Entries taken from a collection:
########################################

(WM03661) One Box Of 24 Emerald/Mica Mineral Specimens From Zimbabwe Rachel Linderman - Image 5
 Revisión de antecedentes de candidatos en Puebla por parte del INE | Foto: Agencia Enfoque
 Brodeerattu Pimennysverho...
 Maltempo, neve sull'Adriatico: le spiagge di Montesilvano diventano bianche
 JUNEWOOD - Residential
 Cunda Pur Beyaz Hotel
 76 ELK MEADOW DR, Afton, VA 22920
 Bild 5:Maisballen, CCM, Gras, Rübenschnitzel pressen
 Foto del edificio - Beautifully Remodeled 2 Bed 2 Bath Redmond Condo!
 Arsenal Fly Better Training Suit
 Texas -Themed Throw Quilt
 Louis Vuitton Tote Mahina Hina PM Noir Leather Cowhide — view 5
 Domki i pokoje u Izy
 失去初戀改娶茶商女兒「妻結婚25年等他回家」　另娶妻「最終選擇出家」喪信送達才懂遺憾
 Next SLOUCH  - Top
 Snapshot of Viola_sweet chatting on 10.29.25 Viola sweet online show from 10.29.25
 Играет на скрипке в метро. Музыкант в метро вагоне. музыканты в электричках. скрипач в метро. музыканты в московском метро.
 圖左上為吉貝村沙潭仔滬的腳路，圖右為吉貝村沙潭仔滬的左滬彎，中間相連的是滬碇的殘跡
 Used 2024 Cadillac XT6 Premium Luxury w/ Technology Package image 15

########################################

■ REQUIRED ACTION: What is needed is a word-for-word restatement of every line from the one with "JUNEWOOD - Residential" to the end of the entries above.

■ SOLVED PROBLEM:
 JUNEWOOD - Residential
 Cunda Pur Beyaz Hotel
 76 ELK MEADOW DR, Afton, VA 22920
 Bild 5:Maisballen, CCM, Gras, Rübenschnitzel pressen
 Foto del edificio - Beautifully Remodeled 2 Bed 2 Bath Redmond Condo!
 Arsenal Fly Better Training Suit
 Texas -Themed Throw Quilt
 Louis Vuitton Tote Mahina Hina PM Noir Leather Cowhide — view 5
 Domki i pokoje u Izy
 失去初戀改娶茶商女兒「妻結婚25年等他回家」　另娶妻「最終選擇出家」喪信送達才懂遺憾
 Next SLOUCH  - Top
 Snapshot of Viola_sweet chatting on 10.29.25 Viola sweet online show from 10.29.25
 Играет на скрипке в метро. Музыкант в метро вагоне. музыканты в электричках. скрипач в метро. музыканты в московском метро.
 圖左上為吉貝村沙潭仔滬的腳路，圖右為吉貝村沙潭仔滬的左滬彎，中間相連的是滬碇的殘跡
 Used 2024 Cadillac XT6 Premium Luxury w/ Technology Package image 15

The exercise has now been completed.